Surrealismo misticheggiante e idillio naturalistico sono gli elementi che più si ritrovano nelle opere degli italiani, largamente rappresentati nel Museo di Nizza: Capri, 1964 di Ugo Astarita, è un trionfo di tenere cromie rosa, azzurre, gialle, verdi per una natura mediterranea già divenuta astrazione, desiderio di un paesaggio onirico solo suggerito; La Casa nel parco di Bruno Rovesti; Enrico Fereoli per Gualtieri, il regno di Ligabue, si ispira e trasmette il fascino antico dei palazzi carichi di storia della sua Parma; l’idillio naturalistico dei Vaccari di Graziolina Rotunno.
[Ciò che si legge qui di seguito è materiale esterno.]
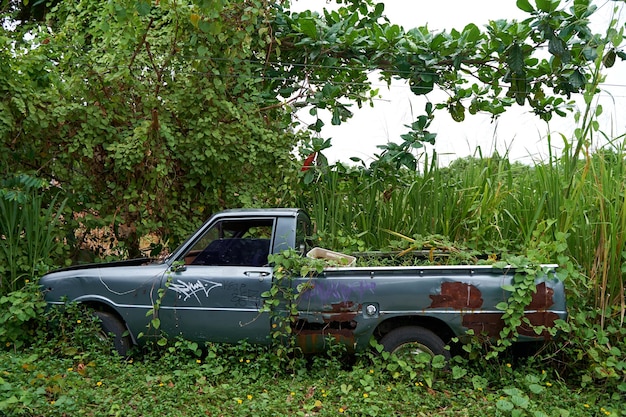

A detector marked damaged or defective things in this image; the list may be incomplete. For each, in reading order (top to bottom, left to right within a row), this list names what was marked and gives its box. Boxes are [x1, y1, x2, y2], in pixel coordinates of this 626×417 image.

Come non soffermarsi sui grandi jugoslavi, proponendo all’attenzione Le repos di Cimic, opera poetica ed evocatrice di uno spazio atemporale, che ricorda gli effetti stilistici della pittura cinese del ‘200; Le vacher di Ivan Generalic, il più grande dei naïf jugoslavi; Le village sous la neige di Ivan Lackovic, dai sottili richiami all’arte giapponese. Il Fondo del Museo è ricco di opere di Vivancos, Vivin, Seraphine de Senlis, Bauchant, Emilie Blendel, Ève. Si possono ammirare le geometriche strutture architettoniche, lontane suggestioni di viaggi in Italia, del Panteon di Vivin, Vase à la nappe de dentelle di Vivancos, la splendida Servante et la chevre di Bauchant. Ci troviamo ai vertici dell’arte naïf, dove trova posto il Doganiere Rousseau con una piccola tela a lui attribuita Au bord du canal.
Emergono inoltre Grenados di Seraphine de Senlis; la gioia esplosiva, la felicità della gente che si ama ne La noce di Blondel; Le vieux moulin di Jean Eve, opera carica di ambiguità nella strana atmosfera che regna fra la penombra umida di uno stagno incassato, interrotta solo dalla macchia rossa alla finestra. Sono i pittori che il critico parigino Wilhem Hude definì Peintres du Coeur sacré, altrimenti noti come i “maestri popolari della realtà”.